先日、こんな言葉に出会った。
「家は漏らぬほど、食事は飢えぬほどにて、足ることなり」
千利休は欲を少なくする人生を理想としたそうである。家は藁屋根、食事は一杯の汁と一つのおにぎりで十分だと。簡素の中に美しい人生があると。
まさにLess is more.な生き方。そしてその実現のために必要なのは心の持ちよう。お金でもない、ノウハウでもない。

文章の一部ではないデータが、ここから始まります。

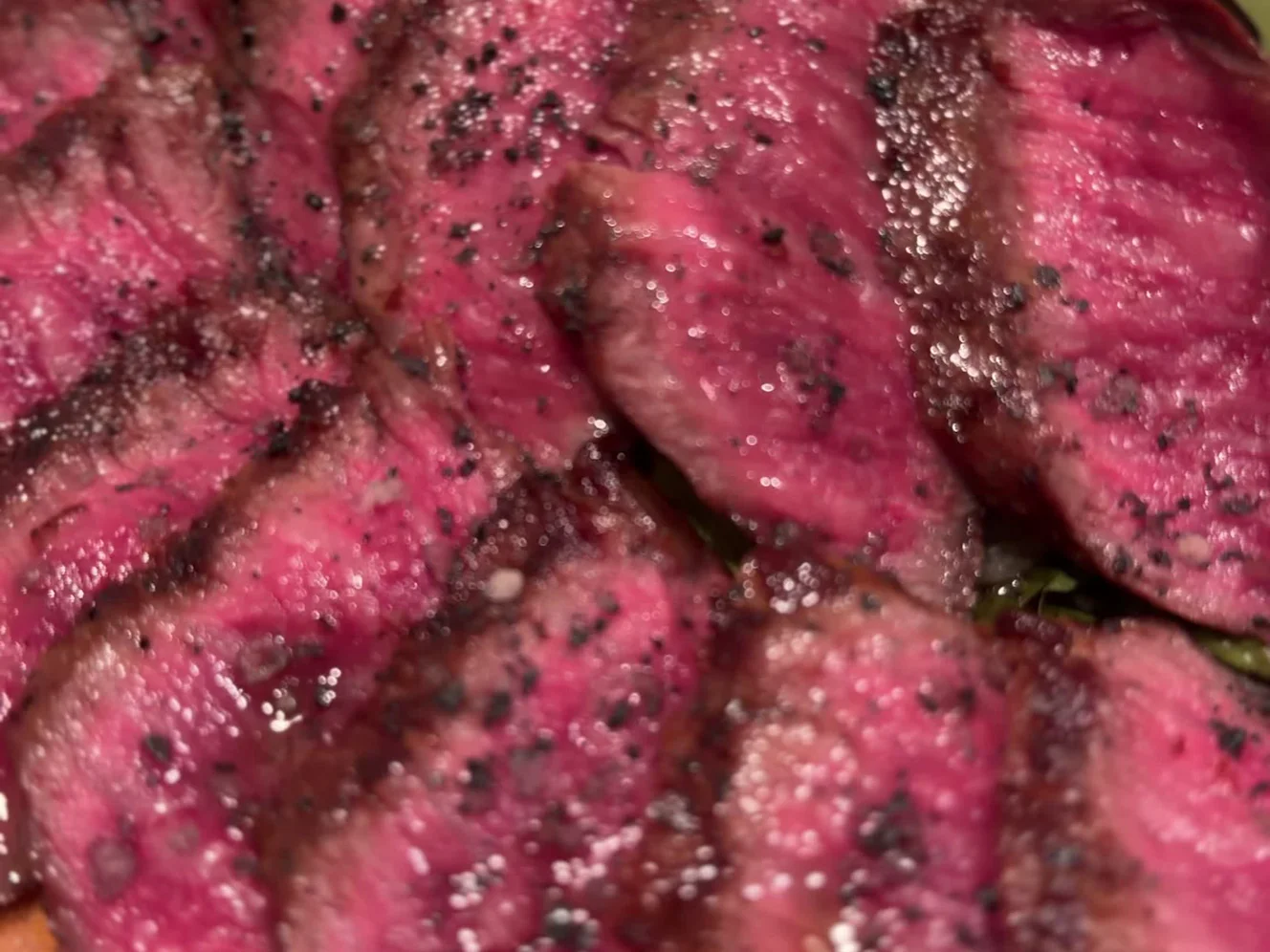 黒こしょうをふって薄く切り分けられた熟成肉のアップ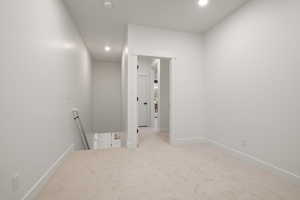 Unfurnished room featuring recessed lighting, a smoke detector, and carpet flooring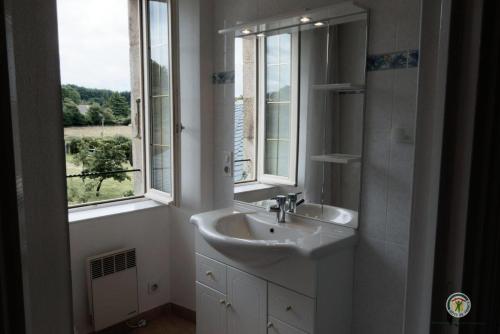 Gîte de France Laclefdeschamps 3 épis - Gîte de France 10 personnes MAE-9514 في Luc: حمام أبيض مع حوض ونوافذ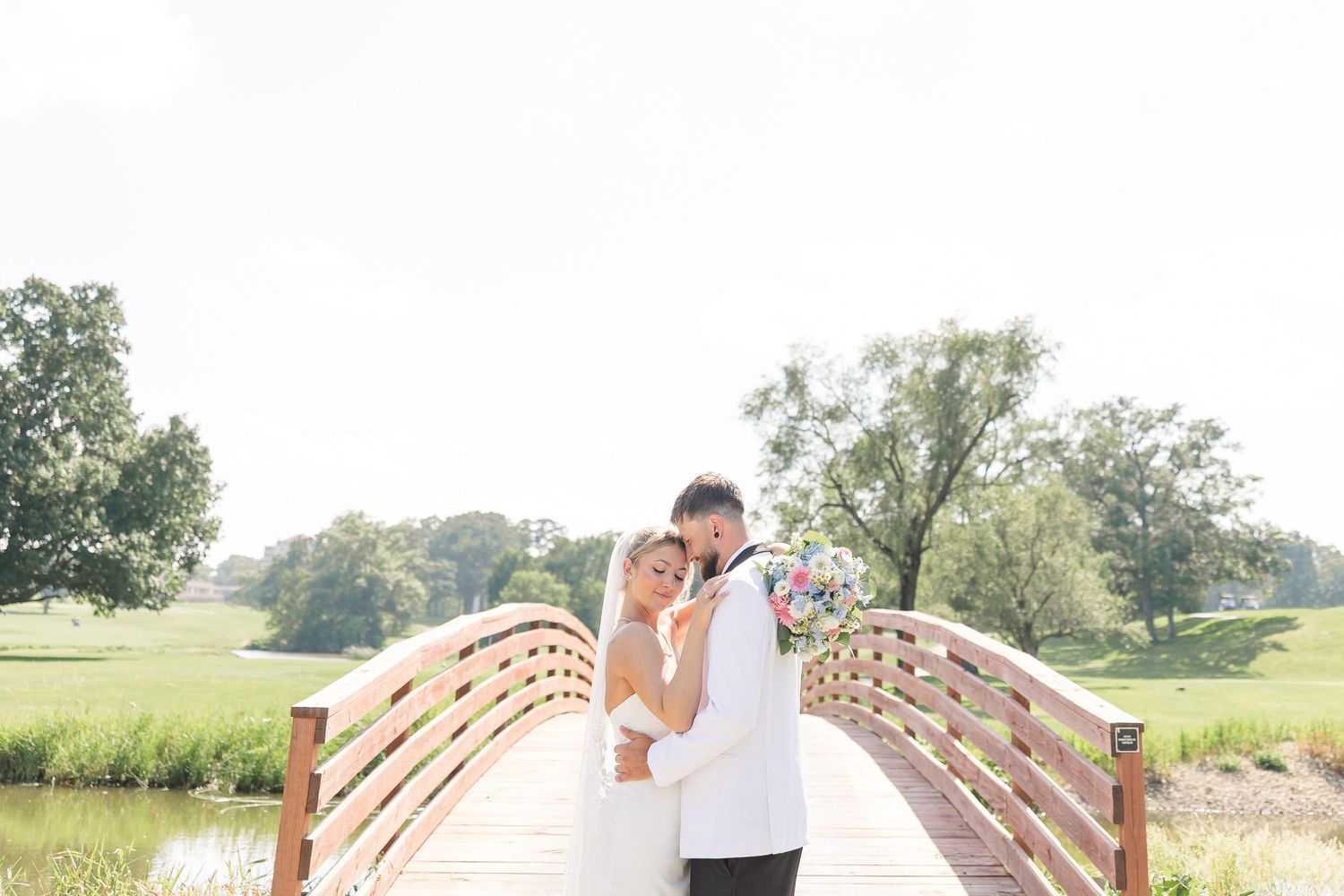 Bride and groom sharing romantic moment on wooden bridge surrounded by lush greenery.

日本には侘び寂びの文化が有る。資本主義は宗教の扱いではないもののこれが正解とばかりに世界中に広められ、人々は消費を促される。資本主義と異なる文化は、アンテナを広げていないといい言葉も心に引っかからない。
SDGsという言葉をよく聞くが、まず便利で豊かすぎる生活をやめようとしない限り抜本的な解決にはならないのではと思う。一方で企業は利益も上げないと行けないのでみんな商品やサービスを買うのはやめましょうとはいえない。戦争に負けてしまうから(と僕は理解している)、大量に電気を消費するAIの開発やデータセンターの建設もきっと止められない。
複雑な世の中なので、千利休に学びましょうと言ったところで、「この時代にも本当にそれが正しいの?」と問う人もいるだろう。あくまで、個人で。自らの、美しい生活のための心持ちとするのが良いと考える。
あらためて、千利休の言葉を刻みつつ、日々の生活を考えていきたいと思った。
あと、千利休に関する本も読んでみたい。
僕はまだまだモノたちに囲まれている。悟りの域は遠く届かない場所にある感覚。そこにたどり着く日は来るだろうか。道は長い。